[R] question about result of loglinear analysis
Lao Meng
laomeng.3 at gmail.com
Tue Jan 25 02:58:56 CET 2011
Thanks for your help sir.
Well,I follow your suggestion of scatterplot3d,and find that no matter I use
data_Analysis or x(as you suggested last mail),the two plots are the
same(See the attachment).So,I wander which data should I use to draw the 3d
plot,or both datasets(x and data_Analysis)are ok?
Thanks!
My best
2011/1/19 Mike Marchywka <marchywka at hotmail.com>
> > Date: Wed, 19 Jan 2011 01:20:06 -0800
> > From: djmuser at gmail.com
> > To: laomeng.3 at gmail.com
> > CC: r-help at r-project.org
> > Subject: Re: [R] question about result of loglinear analysis
> > Well, you fit a saturated model. How many degrees of freedom do you have
> > left for error? The fact that the standard errors are so huge relative to
> > the estimates is a clue.
> >
> > Taking a look at your data, it's pretty clear that nation 3 is an
> > outstanding outlier on its own. It is clearly - nay, blatantly -
> different
> > from the other nations in the sample. Look at
> > boxplot(fre ~ nation, data = data_Analysis)
> > boxplot(sqrt(fre) ~ nation, data = data_Analysis)
> I'm scrolling back though my cygwin windoh, last night I used this,
> ( read data into "x" not data_Analysis)
>
> > x<-read.table("area_nation.txt",header=TRUE)
> > str(x)
> 'data.frame': 77 obs. of 3 variables:
> $ area : int 1 1 1 1 1 1 1 1 1 1 ...
> $ nation: int 1 2 3 4 5 6 7 8 9 10 ...
> $ fre : int 0 0 85 2 0 0 0 0 1 0 ...
> > library(scatterplot3d)
> > library(rgl)
> > scatterplot3d(x$area,x$nation,x$fre,type="h")
> > scatterplot3d(x$area,x$nation,log(x$fre+1),type="h")

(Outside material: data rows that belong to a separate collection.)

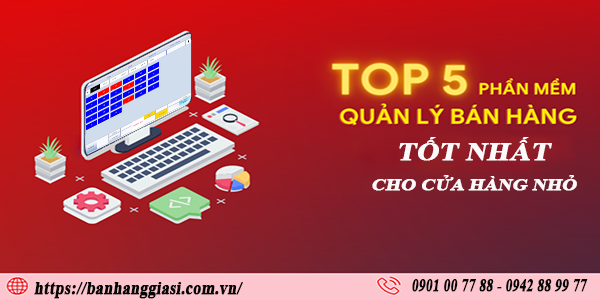 Top 5 phần mềm quản lý bán hàng tốt nhất cho cửa hàng nhỏ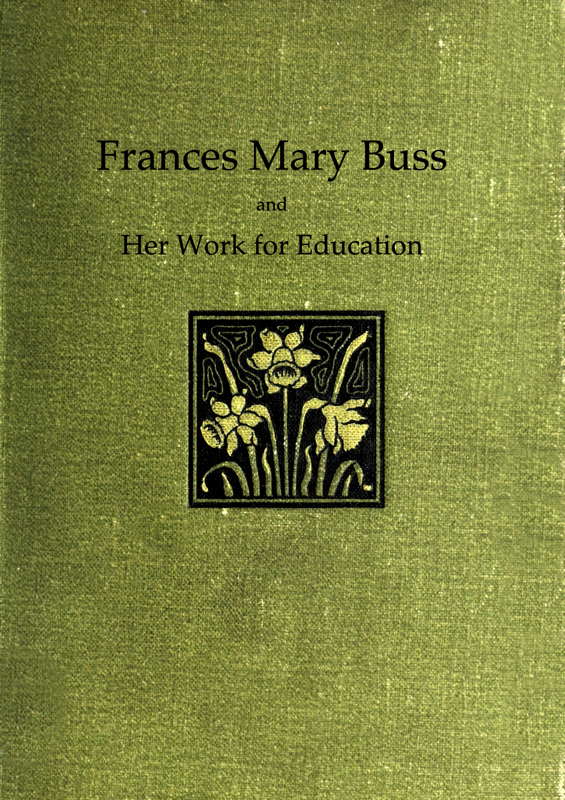 Frances Mary Buss And Her Work For Education By Annie E
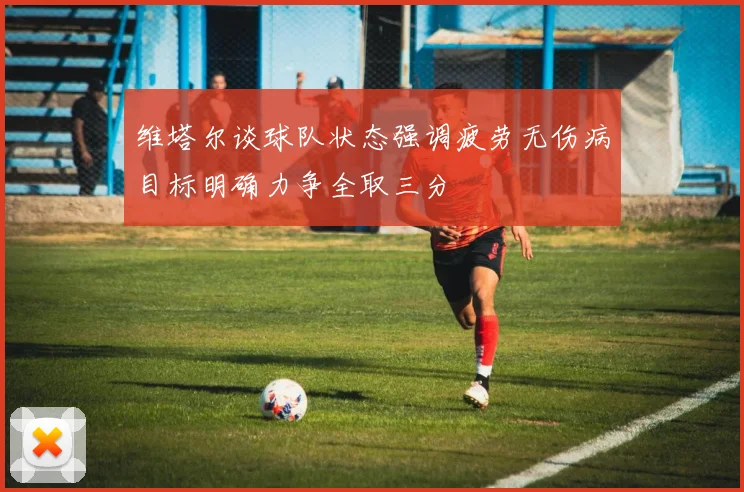 维塔尔谈球队状态强调疲劳无伤病目标明确力争全取三分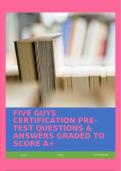 FIVE GUYS CERTIFICATION PRE-TEST QUESTIONS & ANSWERS GRADED TO SCORE A+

> there is always a discussion here on "looking at pictures" and post hoc
> analysis or what is legitimate to do with outliers that may be confusing to
> some readers but you always need to keep in mind your overall objectives
> here.
> It often helps to forget for a minute that you are doing something
> intellectual
> or pompous and just stare at the pictures ( or someone else quoted a
> statistician
> talking about getting rat dropping under your finger nails presumably
> meaning
> getting more familiar with details of your data aqusition system LOL).

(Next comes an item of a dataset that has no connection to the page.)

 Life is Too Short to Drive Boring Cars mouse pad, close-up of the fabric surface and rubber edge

> > the latter to deal with the huge outlier near 1200 in the original data.
> > Even on the square root scale, nation 3 sticks out like a sore thumb.
> 43/77
> > of your responses have zero frequency, so you should probably be looking
> > into zero-inflated Poisson models and some of its relatives. Here is one
> > citation to get you started:
> >
> > http://www.jstatsoft.org/v27/i08/paper
> >
> > Package VGAM also has functionality to fit these types of models.
> >
> > Using package sos, I typed
> >
> > # Install package sos first if you don't have it:
> > library(sos)
> > findFn('zero Poisson')
> >
> > which found 255 matches; you should find several packages that pertain to
> > zero-inflated/zero-altered Poisson models.
> >
> > In the absence of the scientific background behind the data, the
> dominance
> > of nation 3 may well mask more subtle effects among the other nations, so
> > you might want to consider analyses with and without nation 3.
> >
> > On Tue, Jan 18, 2011 at 5:45 PM, Lao Meng wrote:
> >
> > > Hi all:
> > > Here's a question about result of loglinear analysis.
> > > There're 2 factors:area and nation.The raw data is in the attachment.
> > >
> > > I fit the saturated model of loglinear with the command:
> > > glm_sat<-glm(fre~area*nation, family=poisson, data=data_Analysis)
> > >
> > > After that,I extract the coefficients:
> > > result_sat<-summary(glm_sat)
> > > result_coe<-result_sat$coefficients
> > >
> > > I find that all the coeffients are 1 or very near to 1.
> > >
> > > How does this happen?Why all the coeffients are 1 or very near to 1?
> > >
> > > Thanks!
> > >
> > > My best
> > >